Earlier in December of 1860, the state of South Carolina seceded from the union prompting other southern states to begin proceedings to do the same. The United States Secretary of War, John B. Floyd, formerly Governor of Virginia and a southern sympathizer, sent an order to the Allegheny Arsenal near Pittsburgh for a shipment of 124 cannons to be sent down the Ohio river to New Orleans for several U.S. forts being built on the gulf. The steamers SILVER WAVE and MARENGO were engaged to convey these cannon south. Upon hearing of these developments citizens of Pittsburgh formed committees to protest this action knowing these guns would be used to build up the arsenals of the southern states, sent telegrams to Washington. The commandant of the arsenal, John Symington, attempted to obey orders to ship the cannon. The guns and their military escorts, were halted on the streets by angry crowds on Christmas Eve and in one case delayed for several hours, though no violence occurred. Thirtyeight were on board the SILVER WAVE before the orders were countermanded.

“Fireeaters” in the south were enraged by the actions of the citizens of Pittsburgh. In early January of 1861 Louisiana seceded followed by Mississippi. Louisiana in order to build up its arsenal used state troops to capture the Baton Rouge arsenal with its U. S. troops without bloodshed. Governor John J. Pettus of Mississippi soon responded upon; “Being advised by the Governor of Louisiana that he had reason to believe that an expedition would be sent down the Mississippi river to reinforce the Garrisons of the Forts and Arsenals of that State, I sent Capt. Kerr with sixteen of the Jackson Artillery Company, and ordered Capt. H. H. Miller to call out the Volunteer Companies of Vicksburg, and take such position as would enable him to prevent any hostile expedition from the Northern States descending the river.” (Message of the Governor John J. Pettus to the Senate and House of Representatives of Mississippi, Jan. 15, 1861, Journal of the House of Representatives of the State of Mississippi, Jackson, 1861, p. 6.)
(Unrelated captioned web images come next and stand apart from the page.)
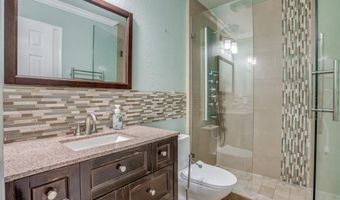 1609 Broadmoor Dr, Allen, TX 75002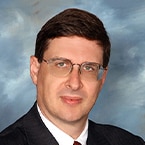 Jeffrey A. Drebin, MD, PhD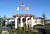 Best Western Mesilla Valley Inn::Orbitz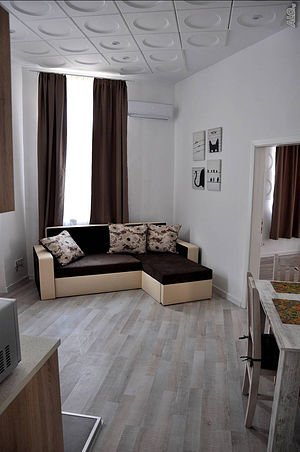 image_5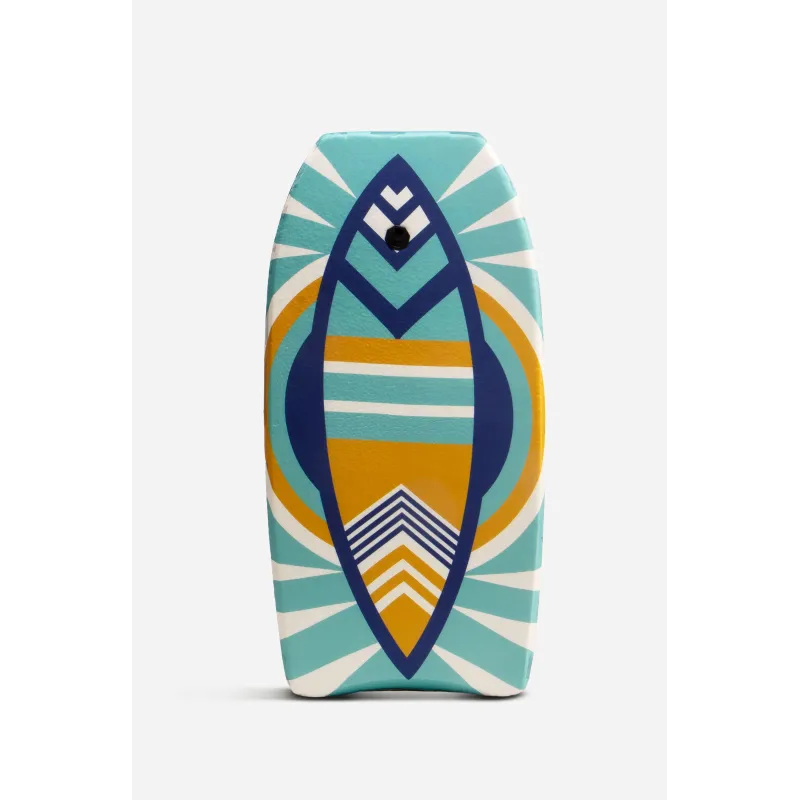 TABLA BODYBOARD EPS VARIAS MEDIDAS Y MODELOS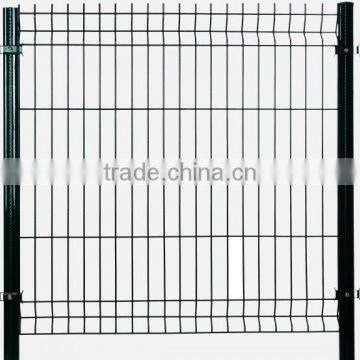 Cheap Garden Gates, Metal Garden Gates photo-4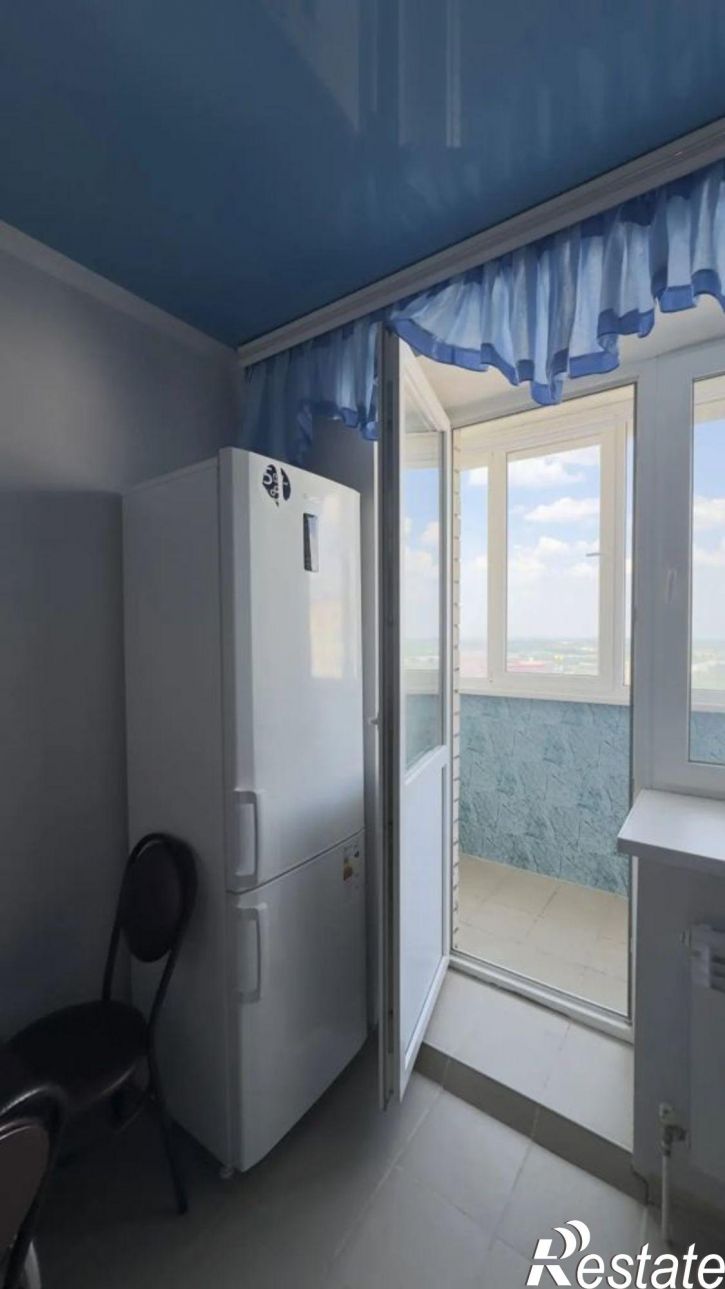 1-комн квартира Буйнакского пер, 2з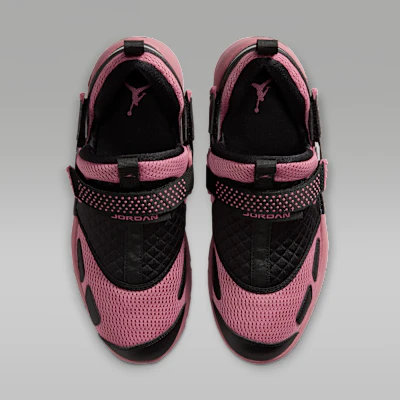(Women) Jordan Trunner LX Black/Reflective Silver/Desert Berry HQ2164-005 Shop (Women) Jordan Trunner LX Black/Reflective Silver/Desert Berry HQ2164-005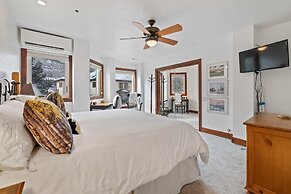 Beaver Creek Centennial 2 Bedroom Residence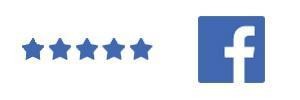 Facebook_reviews_logo_image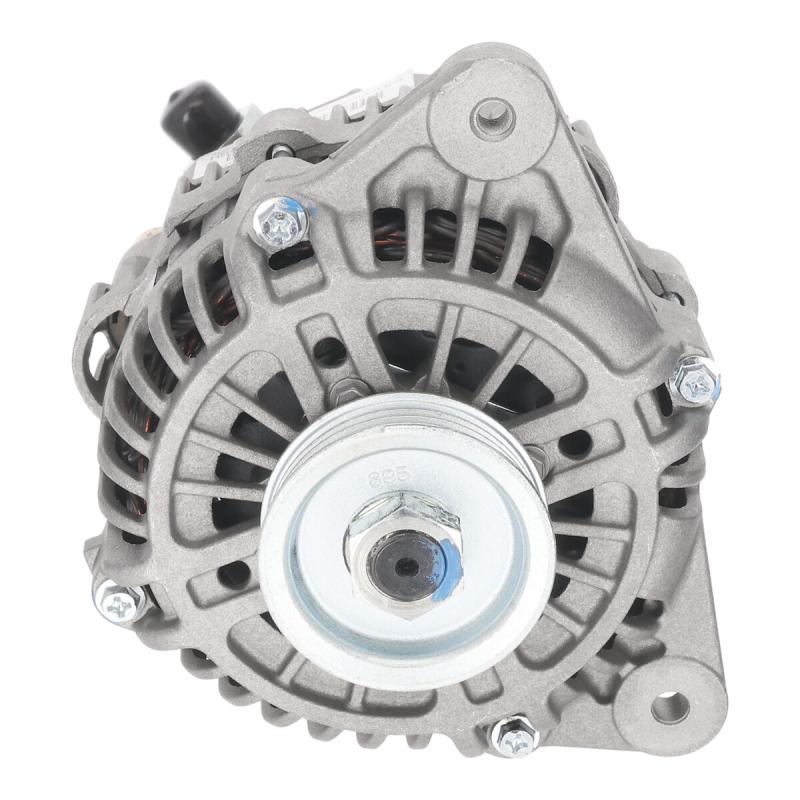 Alternateur VALEO 200139 - Visuel 2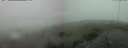 ./images/calvert/hecate/20250617/hecate20250617_212509M.jpg
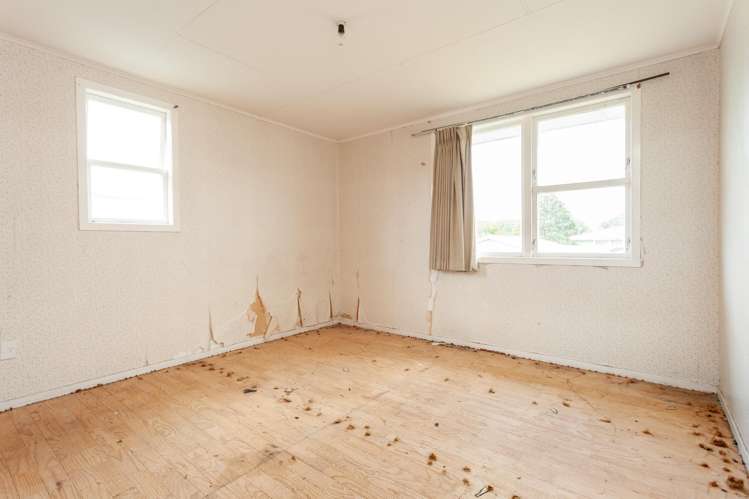 61 Arawa Crescent Tokoroa_18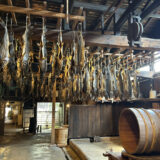 ★新潟県村上市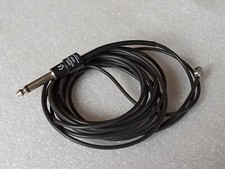 Datex ohmeda 16560 - datex,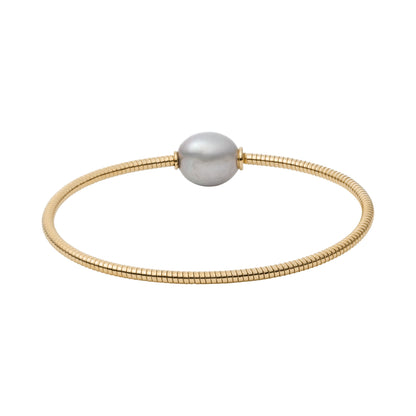 Дамска гривна SKAGEN - SKJ1534710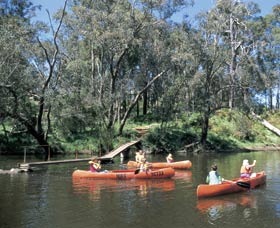  Attractions Perth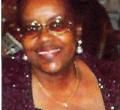 Sarah C (johnson)salley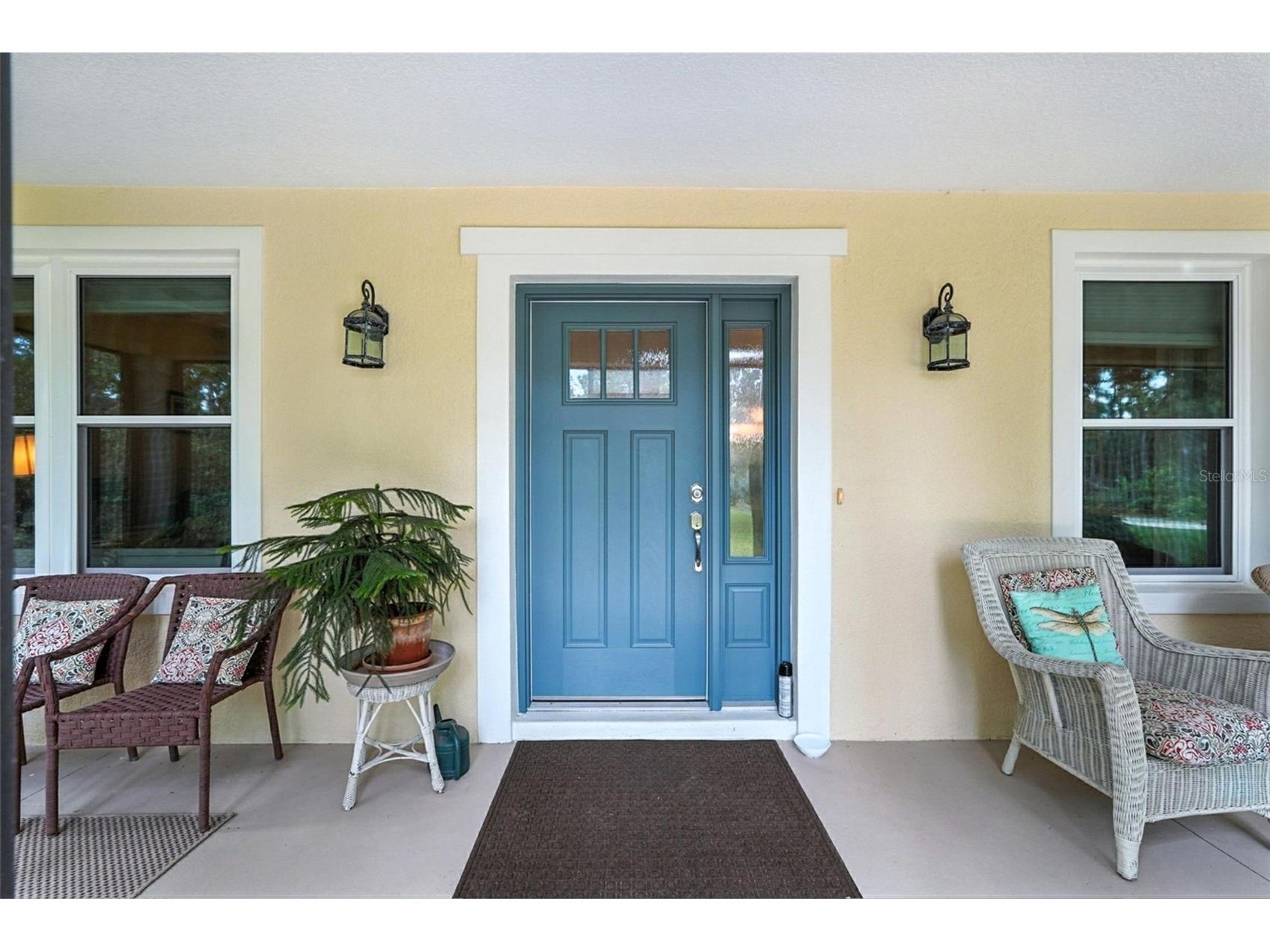 2238 County Road 243c Wildwood FL 34785 G5107983 image5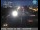 Webcam in Redding, California, 38.5 mi away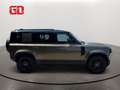 Land Rover Defender 110 S,7-SITZER,MERIDIAN, AKTION! Grau - thumbnail 6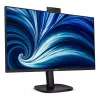 Philips 3000 series 27B2U3601H/00 Computer-Monitor 68,6 cm (27 Zoll) 2560 x 1440 Pixel Quad HD LCD Schwarz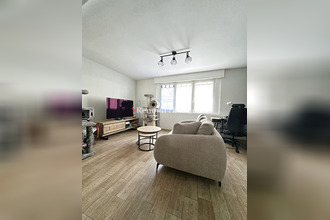 Ma-Cabane - Vente Maison Villeneuve-d'Ascq, 128 m²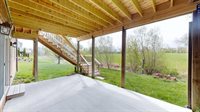 321 Willow St, Viroqua, WI 54665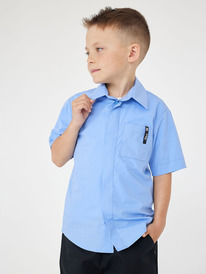 Batik ������� ��� �������� ����� (024 �24) 024 �24-2 �������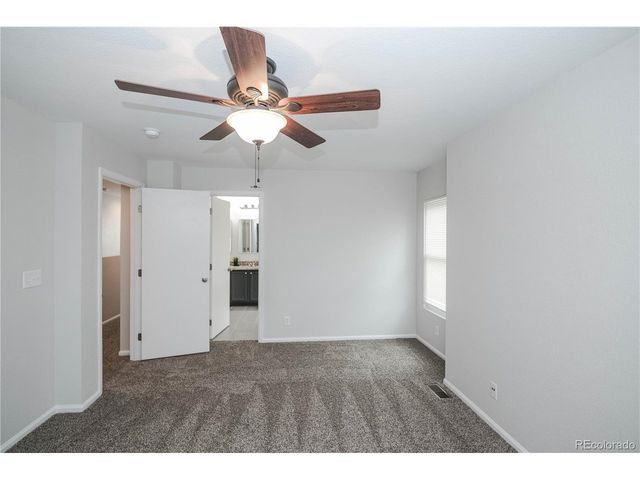 5887 Raleigh Cir, Castle Rock, CO 80104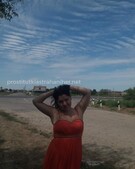 Анкета проститутки Анюта - метро Чертаново Северное, возраст - 30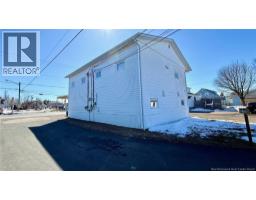 148-150 Boul. J.d. Gauthier, Shippagan, NB E8S2K9 Photo 48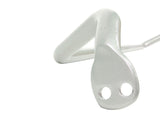 WL Sway Bars - Front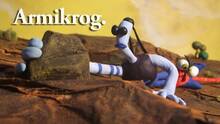 Imagen 48 de Armikrog.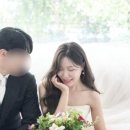 무이공스튜디오 이미지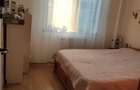 Vand apartament 3 camere - 6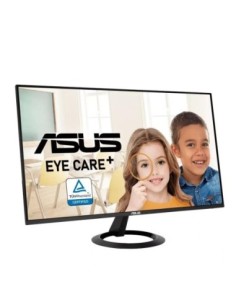 Asus VZ24EHF Monitor 24" IPS 100hz 1ms  HDMI 2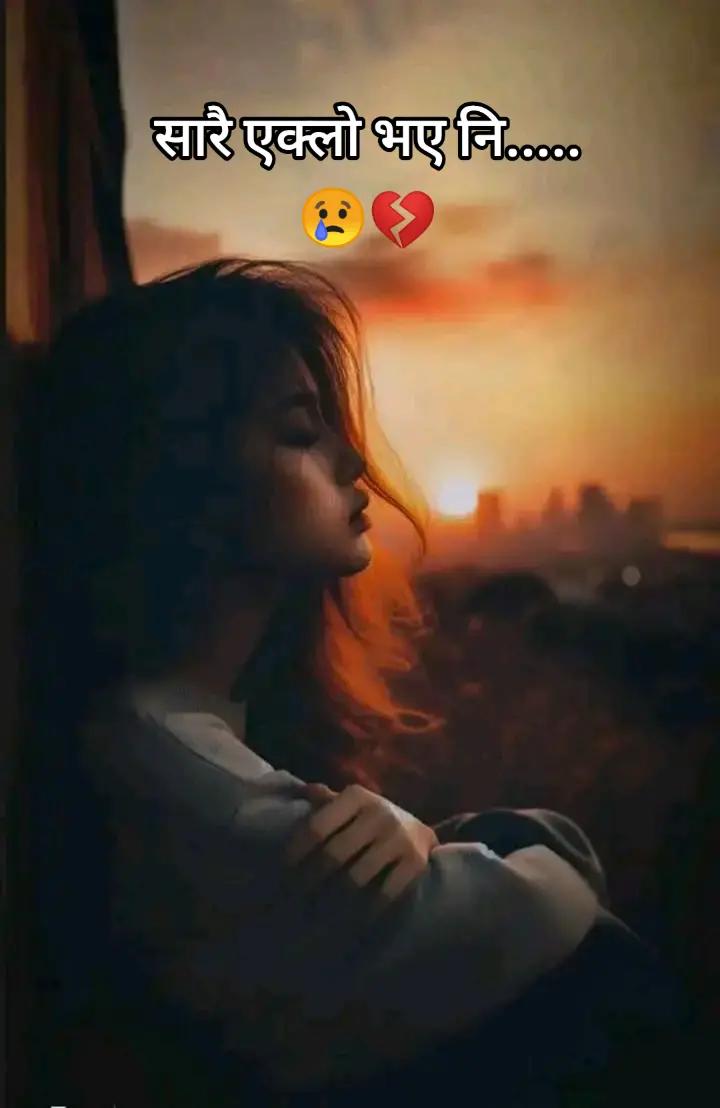 @Ja❣️$❣️Mi❣️Na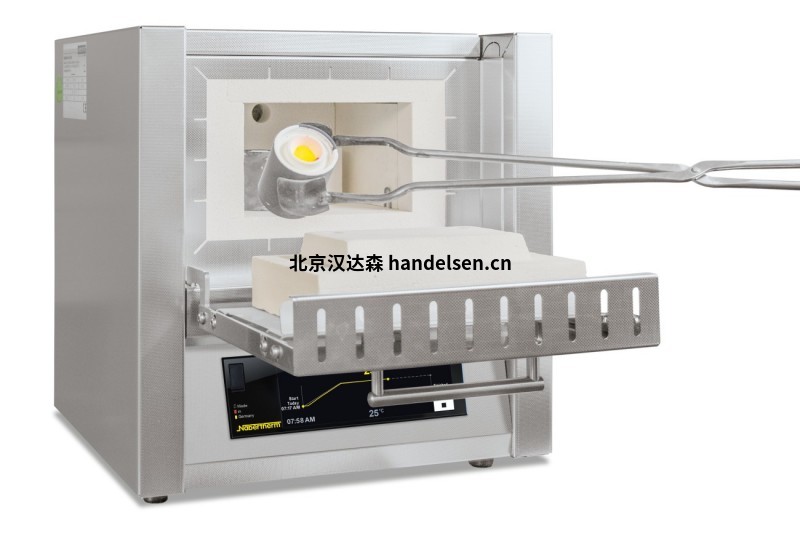 nabertherm L 1/12 - LT 40/12馬弗爐系列 L3_11__fmt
At Vicksburg four guns were placed at the “foot of the bluff, a quarter of a mile above the wharfboat.” It was reported that “blank cartridges were fired to bring to and cause to land the GLADIATOR, the IMPERIAL and the A. O. TAYLOR, and that it was understood that if the summons was not attended to, the next gun fired would be shotted” (Memphis Appeal, Jan. 17, 1861).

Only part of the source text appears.